----- Source information
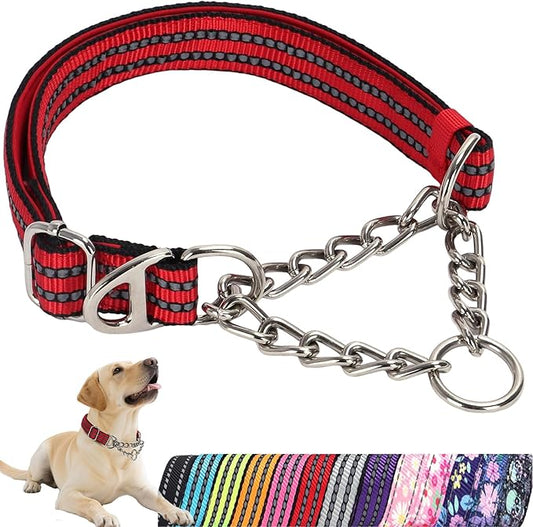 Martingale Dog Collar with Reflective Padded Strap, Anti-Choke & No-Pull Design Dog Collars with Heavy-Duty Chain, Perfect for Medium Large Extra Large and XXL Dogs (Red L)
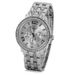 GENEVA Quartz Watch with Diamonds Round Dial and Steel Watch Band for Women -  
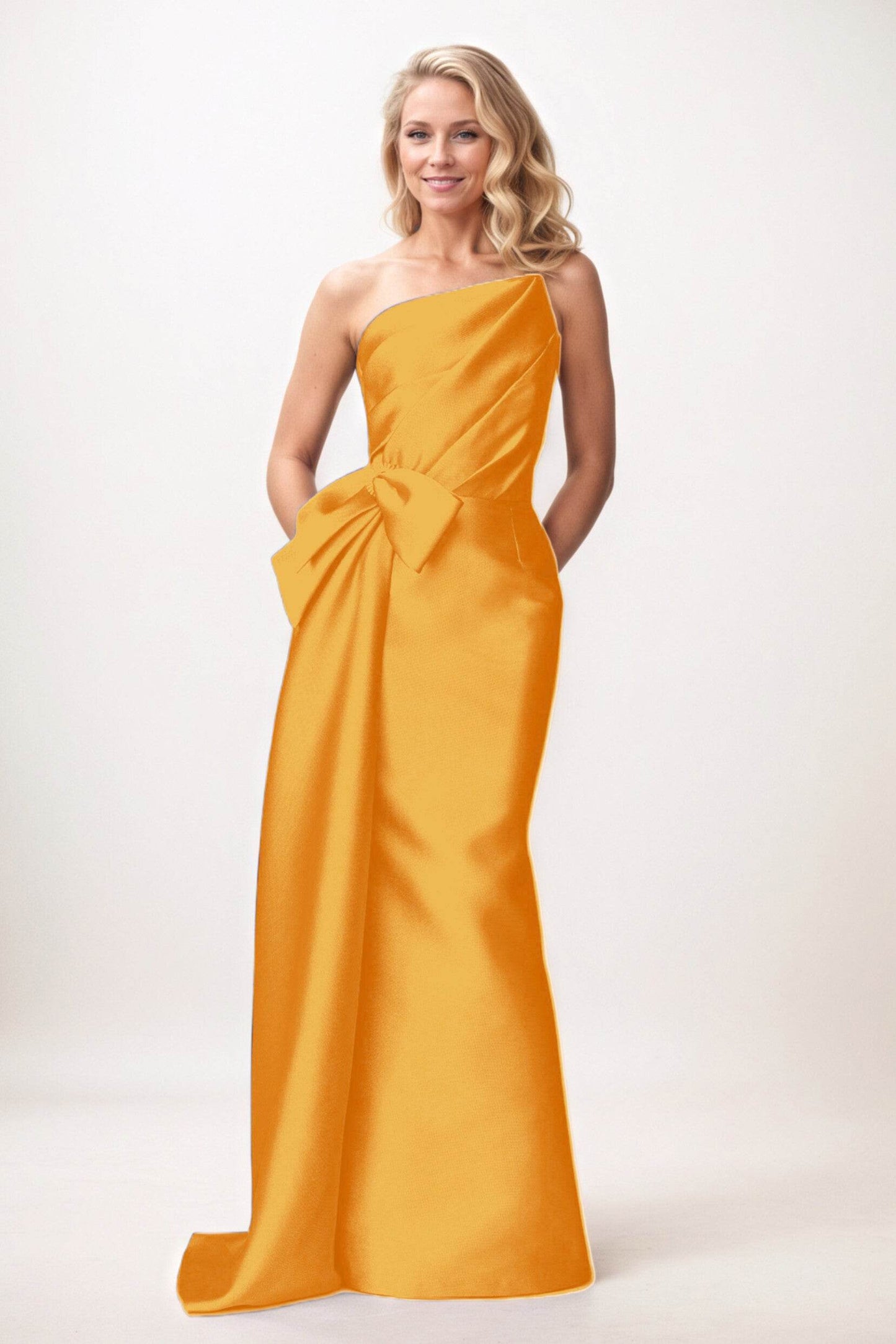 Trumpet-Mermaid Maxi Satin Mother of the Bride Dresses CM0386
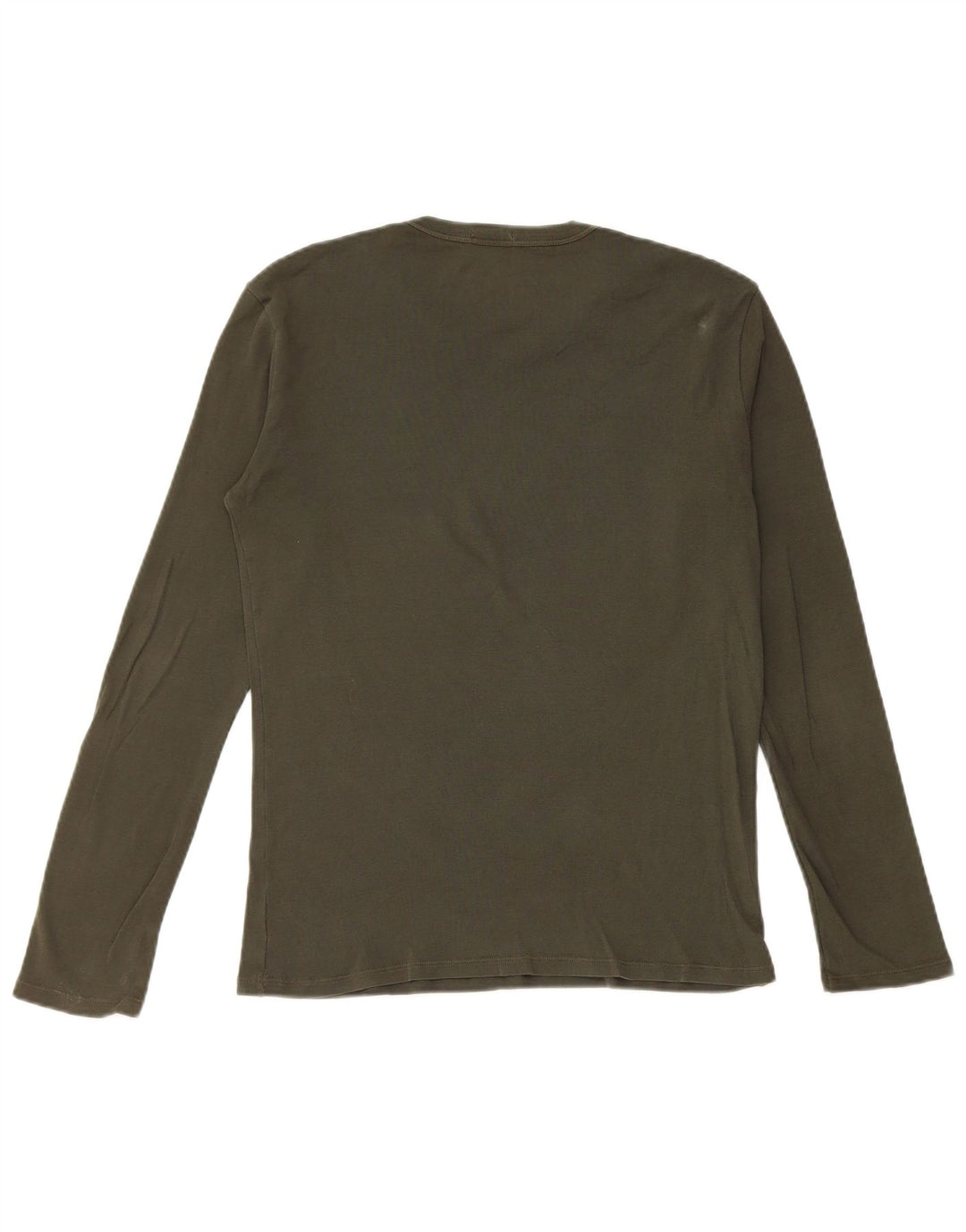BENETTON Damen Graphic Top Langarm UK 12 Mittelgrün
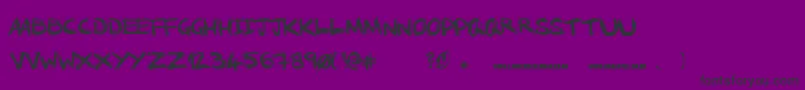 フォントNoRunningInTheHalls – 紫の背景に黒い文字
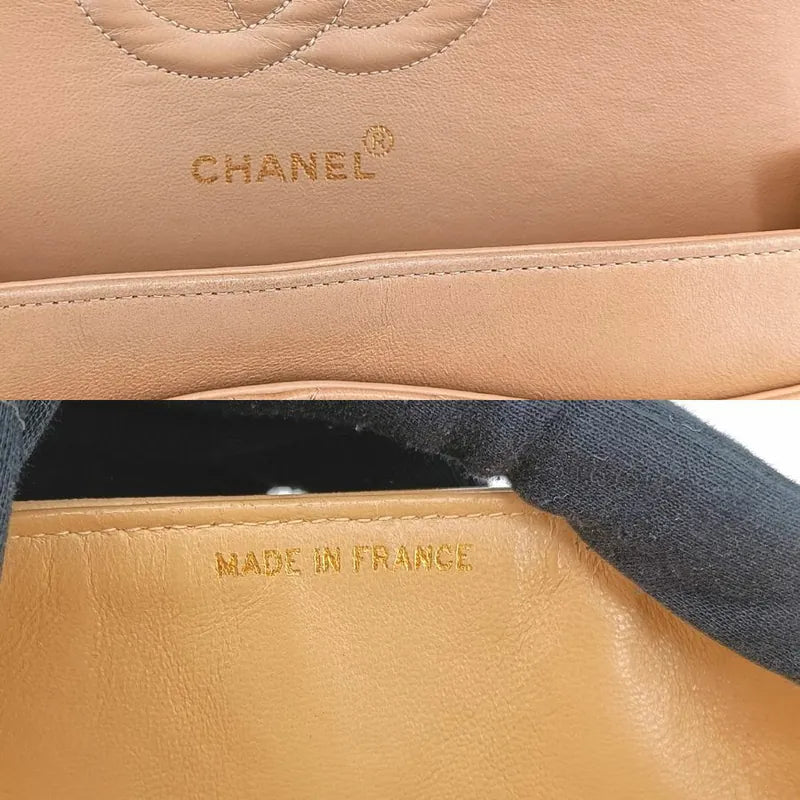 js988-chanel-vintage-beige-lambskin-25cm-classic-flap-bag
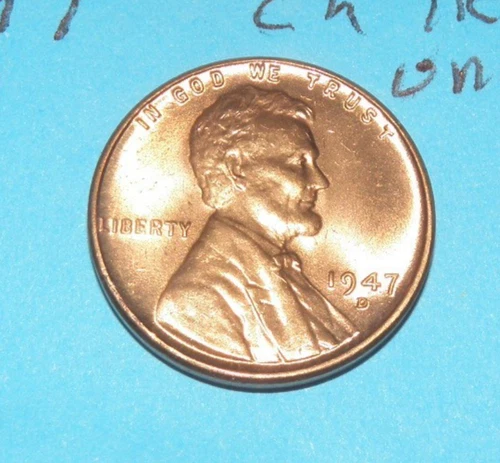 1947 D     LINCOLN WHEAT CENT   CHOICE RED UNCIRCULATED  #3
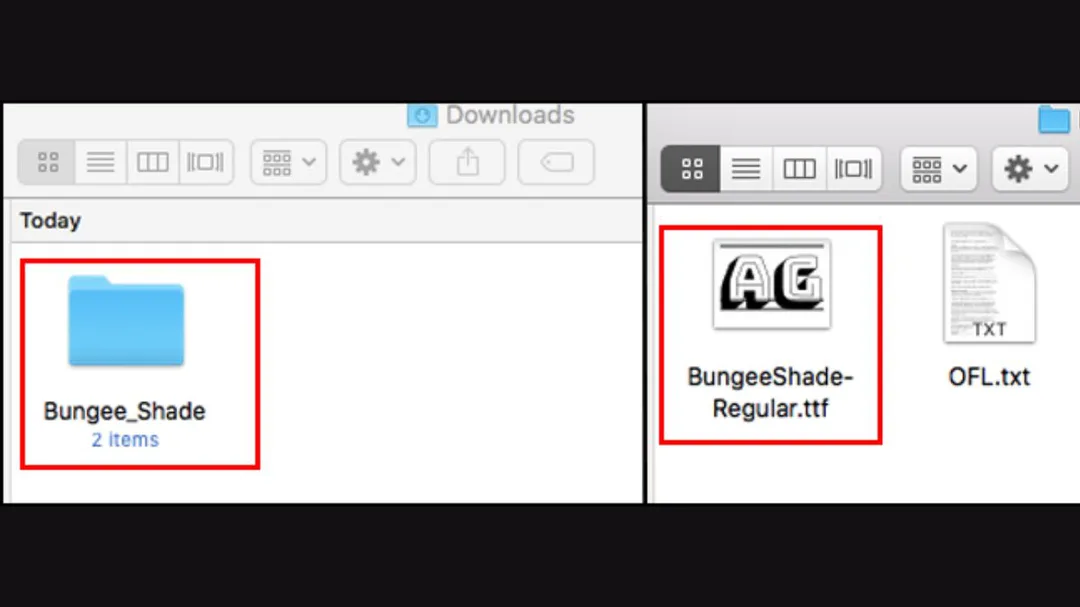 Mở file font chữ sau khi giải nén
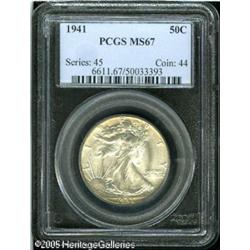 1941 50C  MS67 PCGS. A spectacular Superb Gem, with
----------
Except for the pictures, set down each line of the records exactly as it appears.

 Martingale Dog Collar with Reflective Padded Strap, Anti-Choke & No-Pull Design Dog Collars with Heavy-Duty Chain, Perfect for Medium Large Extra Large and XXL Dogs (Red L)
 GENEVA Quartz Watch with Diamonds Round Dial and Steel Watch Band for Women -  
 Trumpet-Mermaid Maxi Satin Mother of the Bride Dresses CM0386
BENETTON Damen Graphic Top Langarm UK 12 Mittelgrün
 フォントNoRunningInTheHalls – 紫の背景に黒い文字
 js988-chanel-vintage-beige-lambskin-25cm-classic-flap-bag
 1947 D     LINCOLN WHEAT CENT   CHOICE RED UNCIRCULATED  #3
 Mở file font chữ sau khi giải nén
 1941 50C  MS67 PCGS. A spectacular Superb Gem, with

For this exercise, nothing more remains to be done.